It looks like CBS (s CBS) will use HTML5 and H.264 to allow iPad viewers that connect to CBS.com to watch its videos, if early test video pages discovered by The Other Mac Blog and examined by MacRumours are any indication of the company’s plans. If successful, the move to HTML5 by CBS could be followed by other broadcasters and premium video sites that wish to get their video content on the iPad without using Adobe (s ADBE) Flash.
Apple’s (s AAPL) iPad doesn’t support Flash, which is used by YouTube (s GOOG), Hulu, TV.com and most other sites for delivering video over the Internet. As a result, video publishers will have to find different ways to deliver videos to the device. We first speculated that many media companies would turn to selling videos through iTunes or creating apps to natively deliver video experiences on the upcoming device, but HTML5 provides another way for them to do so.
The Other Mac Blog uncovered several iPad test videos on CBS.com, which were found to have HTML5 and webkit calls referenced in their CSS files. Furthermore, MacRumors found that if users visit CBS.com using the iPad SDK Simulator, which makes the site think you are using an iPad, they are sent to a different version of a video than would be displayed normally in Flash. The videos, which appears to be ready to be delivered in HTML5, aren’t playable (yet), according to MacRumors, but the implementation shows how at least on publisher may choose to sidestep the lack of Flash video when the device is launched in about a week.
CBS’s expected adoption of HTML5 comes after several companies have thrown their weight behind the new standard for delivering video.
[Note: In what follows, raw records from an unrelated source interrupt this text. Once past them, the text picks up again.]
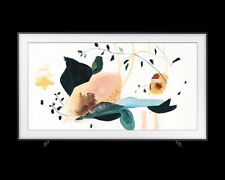 Samsung the frame gebraucht kaufen  Jena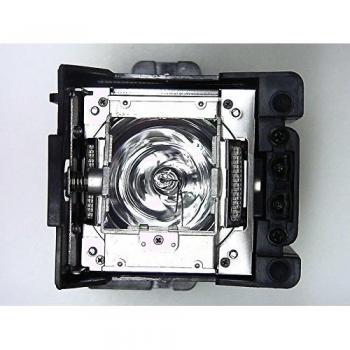Barco R9832752 330 W lámpara para proyector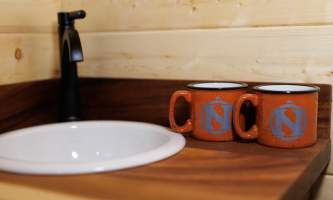 Alaska bear camp nat hab 8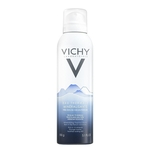Ficha técnica e caractérísticas do produto Água Termal Mineralizante Vichy Aerosol 150ml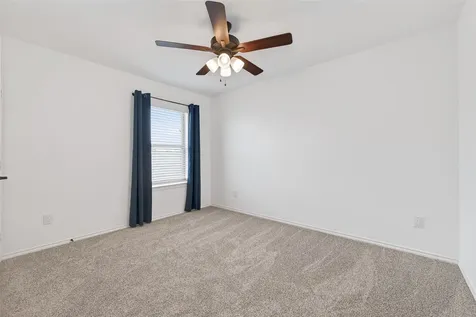 5122 Emma Forest Street Houston TX 77018
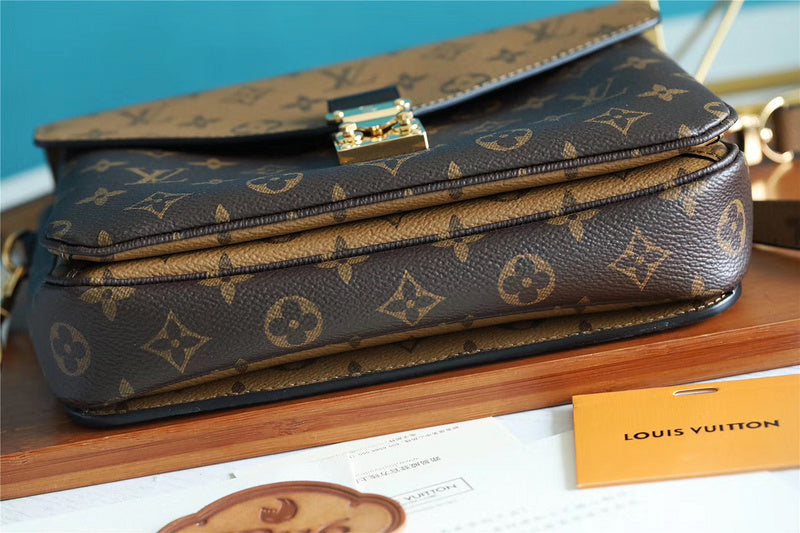 Glami-is - LOV Lady Bags - 1593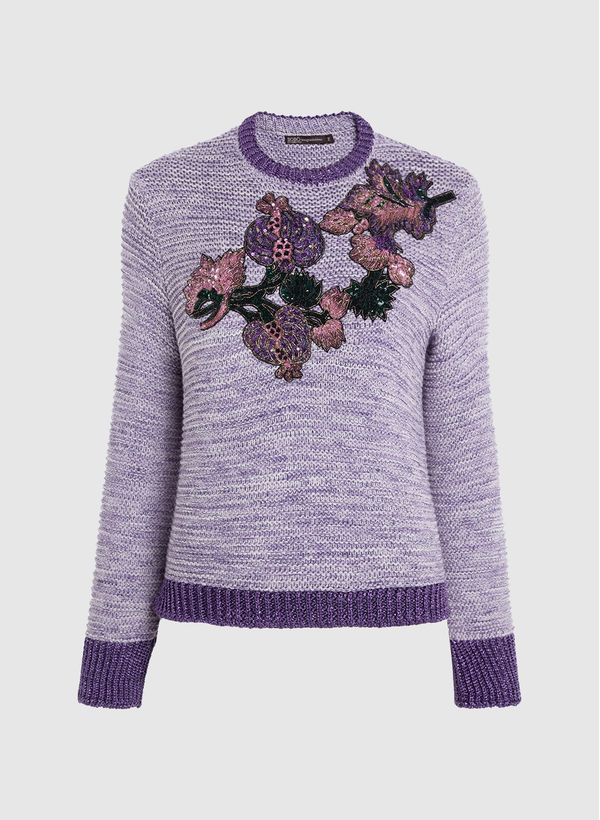 11191845_55_1-BLUSA-METTALIC-FLOWER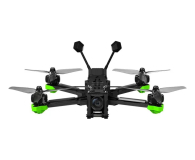 iFlight Nazgul Evoque F5 V3 O4 6S HD - 1550217 - zdjęcie 1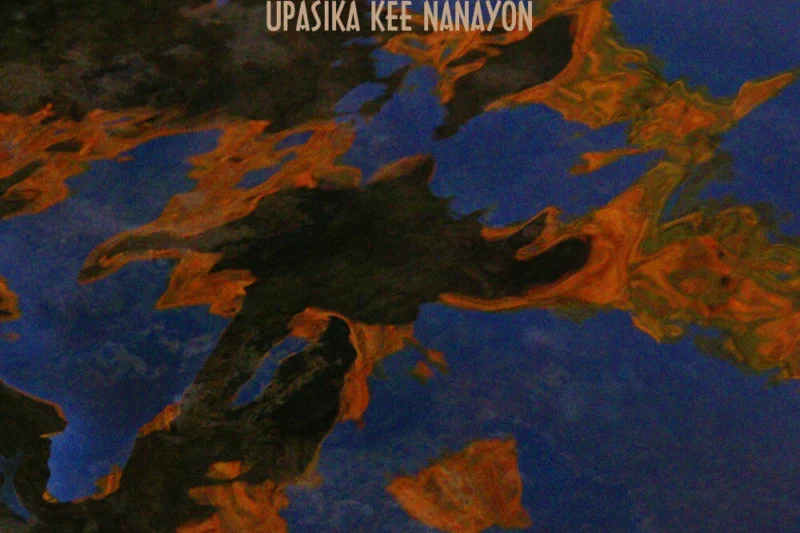 The Uses of Equanimity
Microsoft announced last week that it would support HTML5 video and H.264 encoding in Internet Explorer 9, the next version of its web browser. Meanwhile, YouTube and Vimeo have both launched HTML5 implementations for their web video sites.
The news also comes as H.264 licensing body MPEG LA recently extended its royalty-free license of the video encoding format until 2016. The codec has already become somewhat of an industry standard online video, but the royalty-free license could push even more publishers and technology providers to adopt H.264 as their encoding format of choice.